Müslümanların aralarında parçalanıp bölünmesinin
yanlışlığına dikkati çekerek, Al-i İmran Suresi 103. Ayeti hatırlatan Cumhurbaşkanı
Erdoğan, şunları kaydetti: "Bu ayeti sürekli okumak yetmiyor, ayetin
gereğini yerine getirmek gerekiyor. Bunu yapmamız lazım. Öbür tarafta hep
söylüyoruz, 'İnnemel mü’minüne ihvetun'... 'Müminler muhakkak kardeştir' diyor.
Nerede kardeşlik? Var mı kardeşlik? Kardeşliğimizin gereği var mı? Yok.
Kardeşliğimizin gereğini yerine getirmemiz lazım. Bunu yapacağız ki o zaman güç
bulalım. O zaman kuvvet bulalım. Yapmazsak Rabbimiz ne buyuruyor? 'O zaman
gücünüz gider, zayıf düşersiniz' ve ondan sonra da sizi bitirirler. Mesele bu.

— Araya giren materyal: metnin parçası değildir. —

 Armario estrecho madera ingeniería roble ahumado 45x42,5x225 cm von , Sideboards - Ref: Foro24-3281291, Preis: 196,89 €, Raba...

Filistinli gruplar arasında yaşanan gerilimler en çok İsrail yönetimini
sevindirmektedir. Onlar seviniyor. Hatta İsrail, işgal ve zulüm politikalarına
rahatça devam edebilmek için bu ayrılıkları körüklemekte daha da
derinleştirmektedir. Önümüzdeki dönemde Filistinli kardeşlerimizin birlik,
beraberlik ve dayanışmalarını perçinlemesini temenni ediyoruz. Kirli
pazarlıklarla Filistin davasının altını oymaya çalışanlara öncelikle Filistin
halkının izin vermeyeceğine inanıyorum."
Türkiye olarak meselenin takipçisi olmayı sürdüreceklerini
vurgulayan Erdoğan, İslam İşbirliği Teşkilatı Dönem Başkanlığının sağladığı
imkanları sonuna kadar kullanarak Kudüs'e ve Filistin davasına sahip çıkmaya
devam edeceklerini söyledi. Erdoğan, "İnşallah Kudüs, Filistinli
kardeşlerimizin mücadeleleri, Müslümanların dirayeti, işte burada bugün
toplanan sizin gibi Kudüs sevdalısı parlamenterlerin gayretiyle barış ve huzura
yeniden kavuşacaktır. Ne kadar ağır, ne kadar şedit, ne kadar insanlık dışı
olursa olsun hiçbir baskı ve zulüm Küdüs'ün kurtuluşuna mani
olamayacaktır."
Konferansta yapılacak istişarelerin Kudüs'ün kurtuluşuna
vesile olmasını dileyen Erdoğan, konferansın düzenlenmesinde emeği geçenleri
tebrik etti.
Erdoğan, "Sizlerden ülkelerinizdeki kardeşlerime
Türk milletinin selam ve muhabbetlerini iletmenizi istirham ediyorum. Rabbim
yar ve yardımcımız olsun." diyerek sözlerini tamamladı.